Winkler Prins

Anthony Winkler Prins (1870)

Gepubliceerd op 20-08-2018

Titans

betekenis & definitie

Titans (De) vormen in de Grieksche fabelleer het derde geslacht der goden, de zonen van Uranus en Gaea, namelijk: Oceanus, Koeos, Krios, Hyperion, Japetus en Kronos, alsmede: Thia, Rhea, Themis, Mnemosyne, Phoebe en Tethys. Toen Uranus zijne zonen, de Hecatonchiren (Honderdhandigen) in den Tartarus geworpen had, kwamen de Titans, opgerokkend door Gaea, in opstand tegen hunnen vader, beroofden hem van zijn gezag en droegen dit op aan Kronos.

Tegen dezen echter en tegen de heerschappij der Titans ondernam Zeus (Júpiter), bijgestaan door zijne bloedverwanten, den strijd.

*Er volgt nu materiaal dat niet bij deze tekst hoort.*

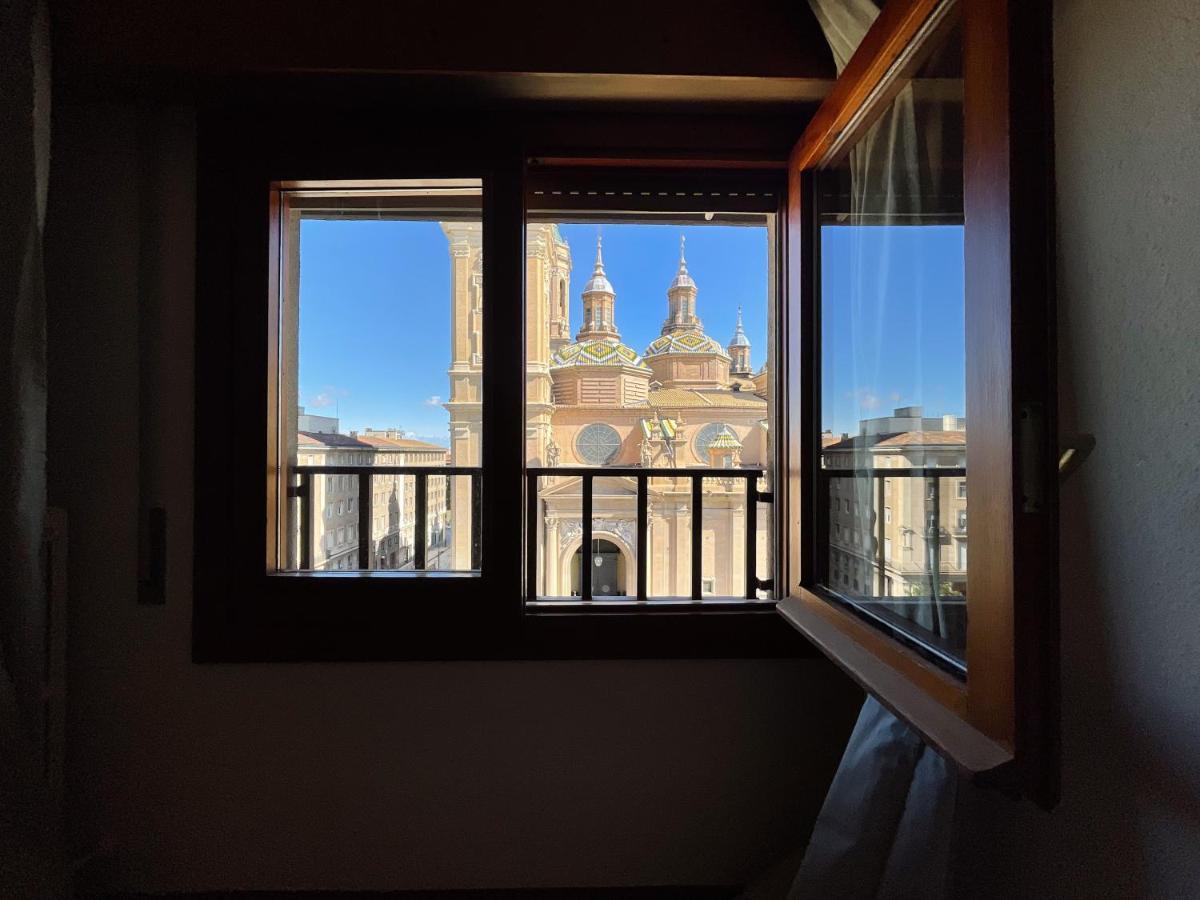 Vtz El Balcon A La Basilica I - Vistas Inmejorables A La Basilica Del Pilar! Apartment Zaragoza Luaran gambar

Deze, deTitanomachie, werd gevoerd in Thessalië. Eerst na verloop van tien jaren behaalde Zeus de overwinning door de Cyclopen en de Hecatonchiren uit den Tartarus te bevrijden.

Nu werden de Titans in den Tartarus geworpen en door de Hecatonchiren bewaakt. Dezen strijd moet men intusschen niet verwarren met dien der goden van den Olympus tegen de hemelbestormende reuzen (gigantomachia). In de latere mythologie werden alle afstammelingen der Titans, zooals Helios, Selene, Hecate, Prometheus enz., desgelijks met den naam van Titans bestempeld.